2. **Identify the Range:**
- The range of \(\arcsin(x)\) is \([- \frac{\pi}{2}, \frac{\pi}{2}]\). This is the interval in which \(\theta\) will lie.
3. **Solve for the Angle:**
- We need to find the angle \(\theta\) such that \(\sin(\theta) = \frac{1}{2}\).
- Recall the unit circle or trigonometric values: \(\sin(\frac{\pi}{6}) = \frac{1}{2}\).
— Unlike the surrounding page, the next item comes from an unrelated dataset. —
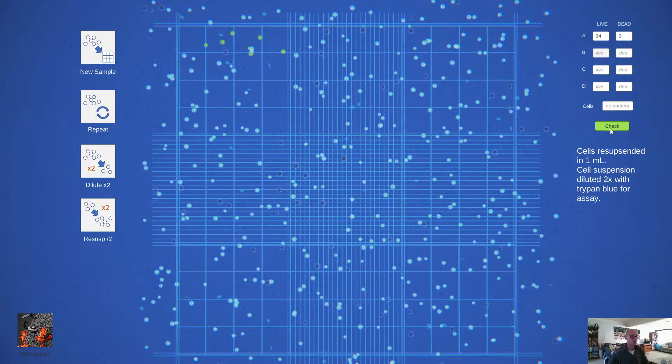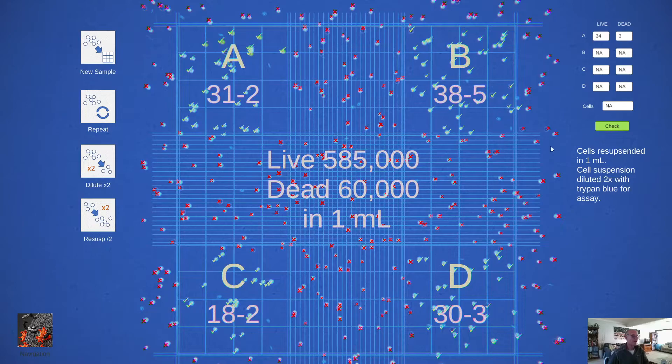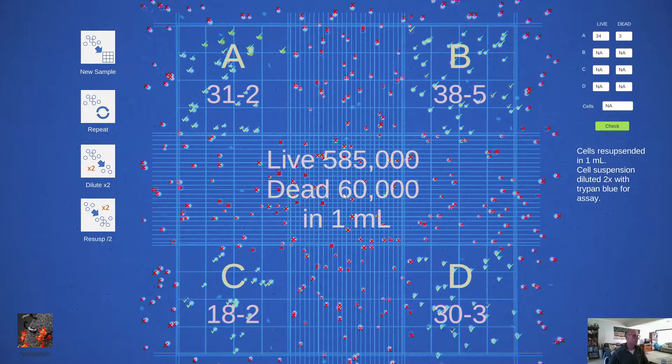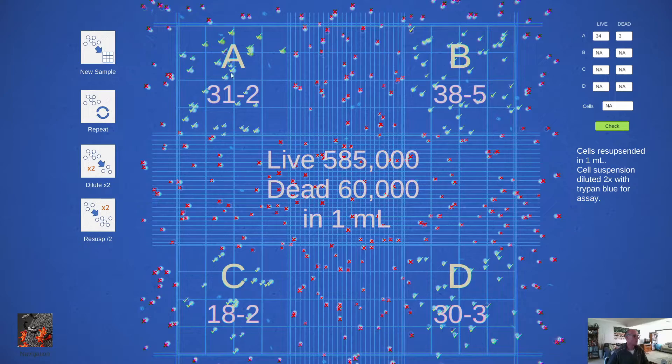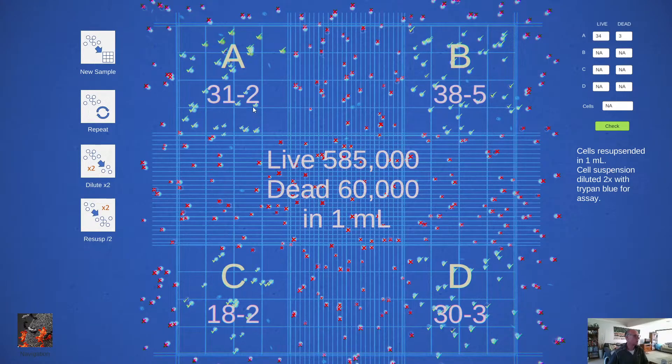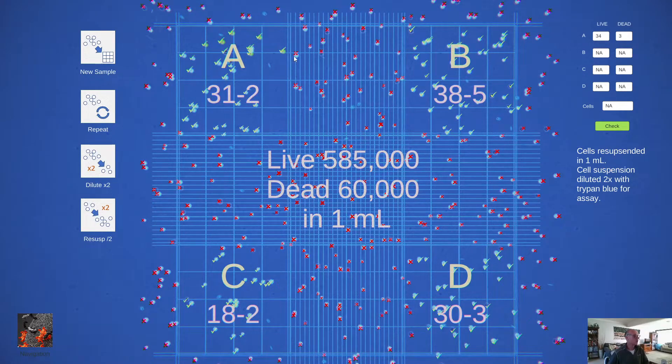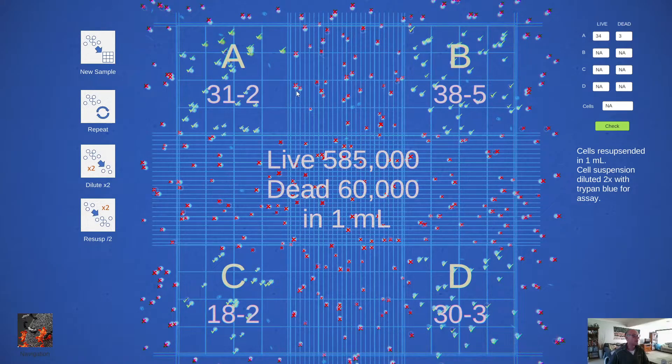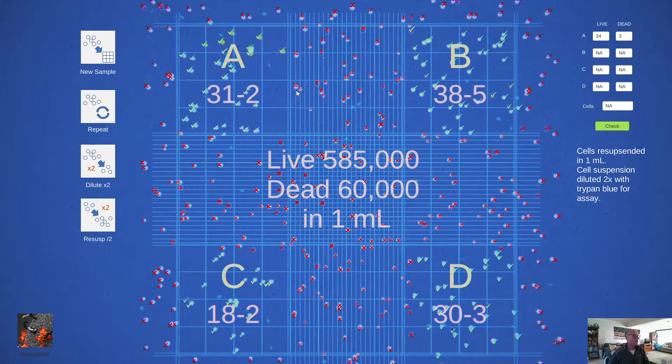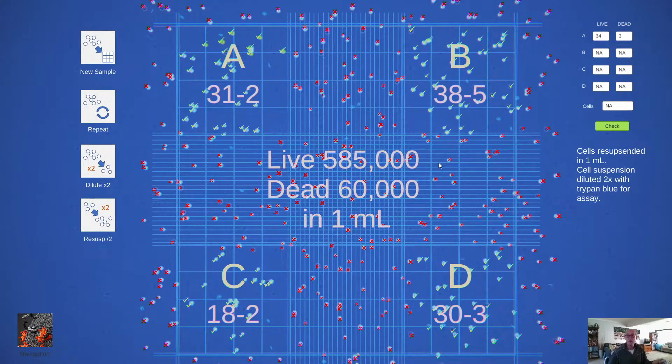Then I can check and what the computer will do is it will actually tell me how many live and dead there were in each quadrant. And it will show which ones it thinks are in or out of the borders.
4. **Verify the Angle Lies in the Range:**
- \(\frac{\pi}{6}\) is within the range \([- \frac{\pi}{2}, \frac{\pi}{2}]\).
5. **Conclusion:**
- Therefore, \(\arcsin\left(\frac{1}{2}\right) = \frac{\pi}{6}\).
So, the value of \(\arcsin\left(\frac{1}{2}\right)\) is \(\frac{\pi}{6}\).